OpenCL Image Storage Layout
===========================

Use **Image** object to optimize memory access and parallel computing based on OpenCL 2.0.


Design the corresponding **Image** format to optimize memory access for different Op algorithm.
Each pixel of **Image** object contains 4 elements(e.g.
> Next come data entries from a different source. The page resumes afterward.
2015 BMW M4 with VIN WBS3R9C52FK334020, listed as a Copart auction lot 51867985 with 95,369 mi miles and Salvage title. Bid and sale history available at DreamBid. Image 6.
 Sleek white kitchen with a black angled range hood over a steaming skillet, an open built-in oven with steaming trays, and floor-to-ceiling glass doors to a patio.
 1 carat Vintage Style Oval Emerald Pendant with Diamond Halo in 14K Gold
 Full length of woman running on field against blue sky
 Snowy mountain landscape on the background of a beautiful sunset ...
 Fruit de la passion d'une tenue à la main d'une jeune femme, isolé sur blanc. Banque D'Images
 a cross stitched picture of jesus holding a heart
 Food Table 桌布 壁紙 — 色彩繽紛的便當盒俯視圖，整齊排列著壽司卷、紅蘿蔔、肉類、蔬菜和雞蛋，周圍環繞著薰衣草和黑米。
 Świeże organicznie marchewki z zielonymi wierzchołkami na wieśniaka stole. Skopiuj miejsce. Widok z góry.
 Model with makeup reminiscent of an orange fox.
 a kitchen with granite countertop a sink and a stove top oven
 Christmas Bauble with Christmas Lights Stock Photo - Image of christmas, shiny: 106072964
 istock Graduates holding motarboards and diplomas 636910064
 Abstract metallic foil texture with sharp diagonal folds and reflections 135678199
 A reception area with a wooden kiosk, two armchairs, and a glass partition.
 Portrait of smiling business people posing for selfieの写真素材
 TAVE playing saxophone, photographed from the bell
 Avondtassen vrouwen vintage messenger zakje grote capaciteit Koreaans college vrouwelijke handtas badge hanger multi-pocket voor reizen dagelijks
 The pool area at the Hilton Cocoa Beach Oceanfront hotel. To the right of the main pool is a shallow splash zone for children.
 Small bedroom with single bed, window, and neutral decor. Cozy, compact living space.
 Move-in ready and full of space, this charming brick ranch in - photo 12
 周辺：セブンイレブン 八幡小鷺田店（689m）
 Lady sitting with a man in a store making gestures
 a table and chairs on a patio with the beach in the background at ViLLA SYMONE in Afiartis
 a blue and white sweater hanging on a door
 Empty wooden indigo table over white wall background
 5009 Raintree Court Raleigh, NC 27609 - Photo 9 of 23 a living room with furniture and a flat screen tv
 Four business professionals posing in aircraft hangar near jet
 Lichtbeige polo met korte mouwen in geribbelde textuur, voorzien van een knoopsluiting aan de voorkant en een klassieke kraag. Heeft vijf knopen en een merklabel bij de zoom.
RGBA).


The Followings are the **Buffer** and **Image** format for all **Tensors**.

Input/Output
---
**Mace** use NHWC format Input/Output.

| Tensor| Buffer| Image Size [Width, Height]| Explanation|
| --------- | :---------:|:--------:|:----:|
|Channel-Major Input/Output | NHWC | [W * (C+3)/4, N * H] | Default Input/Output format|
|Height-Major Input/Output | NHWC | [W * C, N * (H+3)/4] | Winograd Convolution format| 
|Width-Major Input/Output | NHWC | [(W+3)/4 * C, N * H] | Winograd Convolution format|

Each Pixel of **Image** contains 4 elements. The below table list the coordination relation 
between **Image** and **Buffer**.

| Tensor| Pixel Coordinate Relation| Explanation
| --------- | :---------:| :-----: |
|Channel-Major Input/Output | P[i, j] = {E[n, h, w, c] &#124; (n=j/H, h=j%H, w=i%W, c=[i/W * 4 + k])}| k=[0, 4)|
|Height-Major Input/Output | P[i, j] = {E[n, h, w, c] &#124; (n=j%N, h=[j/H*4 + k], w=i%W, c=i/W)}| k=[0, 4)|
|Width-Major Input/Output | P[i, j] = {E[n, h, w, c] &#124; (n=j/H, h=j%H, w=[i%W*4 + k], c=i/W)}| k=[0, 4)|


Filter
---
| Tensor| Buffer| Image Size [Width, Height]| Explanation|
| --------- | :---------:|:--------:|:----:|
|Convolution Filter | HWOI | [RoundUp<4>(I), H * W * (O+3)/4]|Convolution filter format，There is no difference compared to [H*w*I, (O+3)/4]|
|Depthwise Convlution Filter | HWIM | [H * W * M, (I+3)/4]|Depthwise-Convolution filter format|

Each Pixel of **Image** contains 4 elements. The below table list the coordination relation 
between **Image** and **Buffer**.

| Tensor| Pixel Coordinate Relation| Explanation|
| --------- | :---------:| :-----:|
|Convolution Filter | P[m, n] = {E[h, w, o, i] &#124; (h=T/W, w=T%W, o=[n/HW*4+k], i=m)}| HW= H * W, T=n%HW, k=[0, 4)|
|Depthwise Convlution Filter | P[m, n] = {E[h, w, i, 0] &#124; (h=m/W, w=m%W, i=[n*4+k])}| only support multiplier == 1, k=[0, 4)| 

1-D Argument
---
| Tensor| Buffer| Image Size [Width, Height]| Explanation|
| --------- | :---------:|:--------:|:----:|
|1-D Argument | W | [(W+3)/4, 1] | 1D argument format, e.g. Bias|

Each Pixel of **Image** contains 4 elements. The below table list the coordination relation 
between **Image** and **Buffer**.

| Tensor| Pixel Coordinate Relation| Explanation|
| --------- | :---------:| :-----:|
|1-D Argument | P[i, 0] = {E[w] &#124; w=i*4+k}| k=[0, 4)|